What many of us ordinary citizens want to question is the logic of sending out MPs to different countries of the world to explain India’s position vis a vis Pakistan – to expose Pakistan as a terror-nurturing rogue state as if the world does not already know that. Geo-politics today is all about economics and about nations arming themselves to the teeth to protect those economic interests. It’s important to count the number of countries that stand with India today. Why has India been so isolated to the point where even the US which we all believed was our greatest pal is lending its weight behind Pakistan. Today China is solidly behind Pakistan; so is the US and Turkey. Where did our diplomacy go wrong? Is it not true that the countries of this world are also aware of the rapid erosion of democratic tenets in India with the freedom of the press in tatters? So, what are the visiting MPs going to tell their counterparts?

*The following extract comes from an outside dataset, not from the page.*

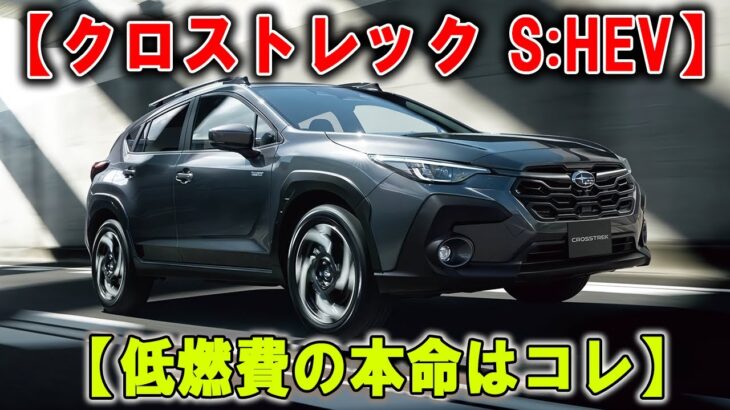 【スバル・クロストレック S:HEV 試乗】燃費、ここまで来たか。スバルの常識が変わる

The Constitution of India is intended to restrain power and to ensure that citizens access their rights. The Ministry of Foreign Affairs is meant to build international alliances to promote peace; our legal systems are created to peacefully settle disputes while our scientific institutions are meant to cure disease and news outlets to inform the public so they can then make informed choices. What has happened to these institutions today? Several NGOs that were working towards easing the suffering of the most distressed lot have lost their funding under the Foreign Contribution Regulation Act (FCRA). Universities have become battlegrounds where only one idea and ideology is now allowed the space to flourish. These institutions are all meant to enhance human dignity but they have degenerated into making our lives nasty, brutish and short, which was what human existence was, prior to the spread of civilization.

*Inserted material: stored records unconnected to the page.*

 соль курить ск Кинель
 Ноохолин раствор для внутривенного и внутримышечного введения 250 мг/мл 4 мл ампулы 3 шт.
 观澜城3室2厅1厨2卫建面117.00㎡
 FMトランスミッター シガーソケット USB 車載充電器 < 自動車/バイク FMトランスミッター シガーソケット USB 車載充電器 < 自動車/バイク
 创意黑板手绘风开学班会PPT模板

All of this is happening right before our eyes but we have receded into the manholes of silence each one trying to protect their own backs. But at what cost? We engage individually on social media but have never attempted to meet and brainstorm on what the future looks like. We need to remember that Operation Sindoor is on a pause (ceasefire) and that any of the two countries could go to war again with the threat of nuclear combat hanging over our heads like the Sword of Damocles. Do we have any views to offer from this north-eastern periphery?

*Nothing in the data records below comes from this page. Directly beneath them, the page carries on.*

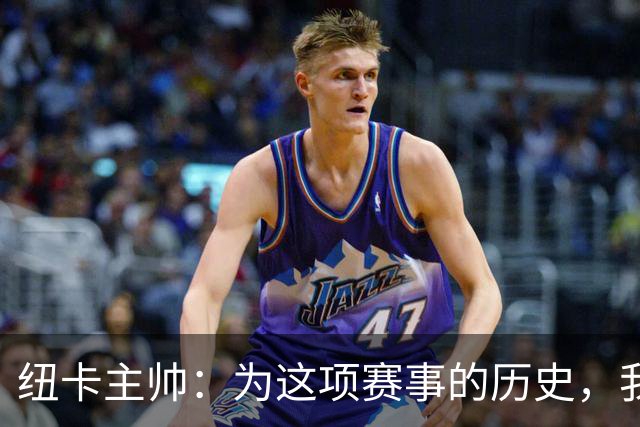 纽卡主帅：为这项赛事的历史，我们要派最强阵容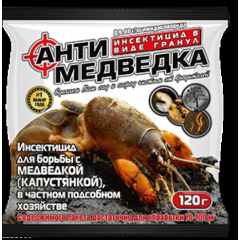 Антимедведка (гранулы)  (120г)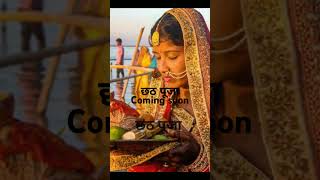 Nich chhat puja ke song likeandsubscribe 🌅🌄🌋 [upl. by Magnus]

Yuval Noah Harari in his latest book ‘Nexus’ says, “We live in an interconnected world where the decisions of one country can have profound impact on others. Some of the gravest dangers posed by Artificial Intelligence (AI) do not result from the internal dynamics of a single human society. Rather they arise from dynamics involving many societies which might lead to new arms races, new wars and new imperial expansions. Thus, a paranoid dictator might hand unlimited power to a fallible AI including even the power to launch nuclear strikes. If the dictator trusts his AI more than his defence minister, wouldn’t it make sense to make AI supervise the country’s most powerful weapons?
We are living in a highly wired world and the fact that countries like China are now ready to launch into electronic warfare where they have complete visibility of the enemy’s war space and can strike anywhere they want, makes peace a very fragile entity.
These are concerns that affect us all and as citizens we have a right to ask if war is the solution to fighting terror?